Cast Away and Nicole's departure (2004–2005) 
Now with Napalm Records, which released the band's second studio effort "Cast Away" worldwide in November 2004. To mark the release, Visions of Atlantis produced their first official music video to the track "Lost", which received significant airplay on VIVA and MTV, and made it possible for the band to present the album. In early 2005, Visions of Atlantis did their tour across Europe, while being supported by labelmates Elis and Celtic rock based band Lyriel.

In late 2005, Bogner left the band due to commitments elsewhere.

New singer and third studio album (2005–2007) 
After Nicole left the band, she was replaced by American soprano singer Melissa Ferlaak (formerly with Aesma Daeva) and Wolfgang Koch replaced Werner Fiedler. In 2006, Martin Harb, who already played with VoA on their tour in Mexico in 2003, replaced Miro Holly. In May 2007, VoA released their 3rd album Trinity, mastered at Finnvox Studios and recorded at Bavarian Dreamscape Studio). The following autumn brought Visions of Atlantis to the United States, where the band toured together with Epica for 6 weeks and won numerous new fans.

Departure of Melissa Ferlaak and Wolfgang Koch (2007–2008) 
Upon returning, the band went through changes in the lineup. On 28 November 2007, a message was posted on the official VoA website saying that Melissa Ferlaak and Wolfgang Koch had left the band, both citing personal reasons. Following this Visions of Atlantis announced a few days later that their ex guitarist, Werner Fiedler, had rejoined the band.

Joanna Nieniewska and Maxi Nil (2008–2009) 
After Melissa's departure, Visions of Atlantis not only looked for a replacement for a singer, but also wrote the material for the fourth album. The band advertised on their website the position for a female vocalist for several months, and on 3 September 2008, they finally announced that they had found a new female singer; however, her identity was not revealed until 1 February 2009, as the 20-year-old Austrian soprano vocalist Joanna Nieniewska.

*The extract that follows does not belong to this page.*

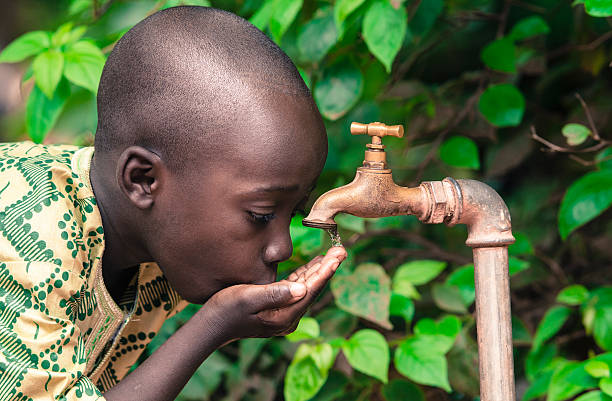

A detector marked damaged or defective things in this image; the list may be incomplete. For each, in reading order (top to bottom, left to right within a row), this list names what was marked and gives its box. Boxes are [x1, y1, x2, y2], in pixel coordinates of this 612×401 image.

On 29 July 2009, VoA announced that because of health problems, Joanna Nieniewska is no longer in the band but will continue to support VoA behind the scenes.

The band announced the replacement vocalist, Maxi Nil from Greece, and was also known for her work with On Thorns I Lay, guest with Moonspell and her former band Elysion.

Delta and Maria Magdalena EP (2010–2011) 
On 3 December 2010, VoA announced the new title of their 4th studio album Delta which was released on 25 February 2011 worldwide.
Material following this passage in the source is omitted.